Fifth-Book Hound

The Fifth-Book Hounds, or simply Hounds (pt: Cão do Quinto Livro or Cão) are a race of mutated wild dogs in Brazil.


They are a mutated variant of the more common canis fammiliaris, and can be distinguished from their brethren by their larger size, elongated nose, bulging teeth and far more aggressive behavior toward humans. Also, they seem to be slightly less perceptive to their environment then the common dog; this has not yet been proven, however, due to difficulties in obtaining test subjects.

Their most notable development, however, would be that they have allegedly developed superior brain function. According to some field researchers, they seem to have developed a primitive growl-based language, and to now develop societies more complex than families or packs. In fact, these researchers claim these hounds now build small multiple-family clans, complete with initiation rituals and identifying symbols.


Before the Great War, dogs were the most widely spread domestic animal in Brazil - both for their use as guard animals as well as for being relatively easy to tame and keep - and as such were commonplace throughout both urban centers and farmsteads.

When the bombs fell, many of the country's dogs died, either immediately due to the blast or subsequently by the hands of the famished survivors. Most of those who survived were farm dogs, safely distant from the nukes or the countless refugees - this being the reason most living dogs are of larger races, descendants of the big Shepherd and Labrador species favored in farms at the time.

Not all dogs, however, met one of those two fates. Those who lived along the Stripe were, as happened with most creatures there, hit by the worst the nuclear fallout had to offer, and were mutated accordingly, becoming the resilient, ravaging beasts they are known for.

Some theorists claim that it was during this period they acquired their new level of intelligence. As their body increased size, so did their brain mass, allowing for more complex thought. And big as they were, they were still no match in one-on-one combat for other local predators, such as the guatirica and the radliggator, and needed to band in groups in order to obtain food. These two factors combined led to a more complex social organization, and eventually to a quasi-vocal communication system.

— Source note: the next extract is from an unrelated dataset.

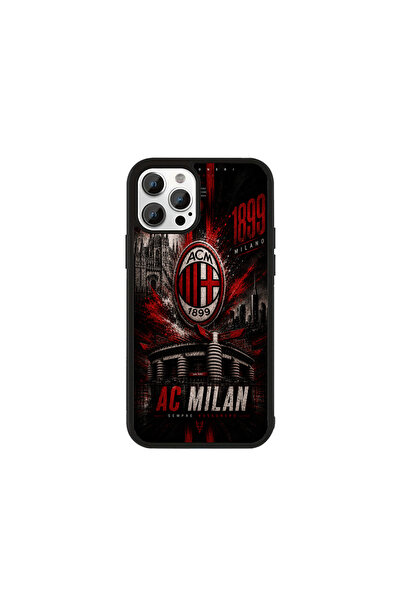 Generic Brand Husa Premium Samsung Galaxy A56 AC Milan - Model Eternal Rossoneri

The term "fifth book hound" is actually older than the species it names. Back before the war, in the Brazilian northeast, collective public school was mandatory, and as such all kids received the same textbooks. One of those books, the one of the fifth-grade, depicted a hound who was strong, mean and exceptionally skilled. When the mutated giant dog was first seen in the region, it was understandably associated with the folklore.

In modern day, an idiom separation occurred. While originally the terms were similar and interchangeable, "dog" (pt. "cachorro") now refers exclusively to the original species, and "hound" (pt. "cão") now refers solely to the mutated variant. It may also be noted that the portuguese term "cão" also refers to the christianity's Devil.


The Fifth-Book Hound may be found all over Brazi, having successfully spread from their birthplace at the Rad Stripe.